Challenges and Future Prospects for the New Track
Intense Market Competition
Despite its clear strategic layout, CATL now faces fierce competition from a host of powerful rivals, such as NVIDIA, Delta Electronics, Vertiv, Alibaba Cloud, Huawei, State Grid and local state-owned enterprises. These competitors have accumulated profound technical expertise, ecological resources and market channels in computing power, power supply and energy infrastructure.
If CATL successfully acquires a stake in DeepSeek, it will further strengthen its influence on the computing power side and form a complete business chain covering energy supply, power distribution and operation, data center operation and computing demand for large language models. This will inevitably bring competitive pressure to enterprises in the middle and downstream links of the industrial chain.
Building a Full-Link Industrial Closed Loop
CATL’s overall strategy is clear: capturing resource-related profits upstream, gaining revenue from core equipment midstream, and locking in channel profits downstream. The company is committed to building an integrated computing power and energy collaboration system featuring source, grid, load and storage, so as to take control of the entire value chain of data center energy.
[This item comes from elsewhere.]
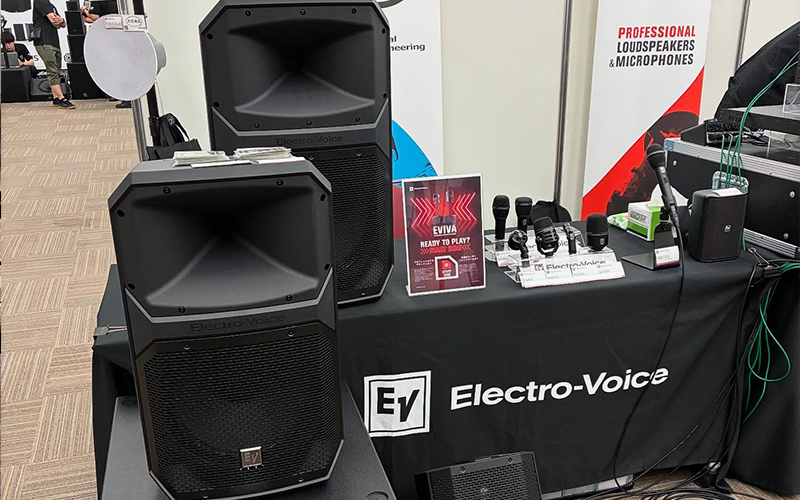 Loa Electro-Voice EVIVA trưng bày trong triển lãm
The business model proven successful in the lithium battery industry is now being applied to the trillion-yuan AI infrastructure track. Going forward, with the growing demand for AI computing power and higher energy efficiency standards for data centers, this round of layout is expected to unleash huge growth potential. In addition, the deep integration of computing power and energy will drive the iteration of supporting service architectures and bring new development opportunities to the entire industrial ecosystem.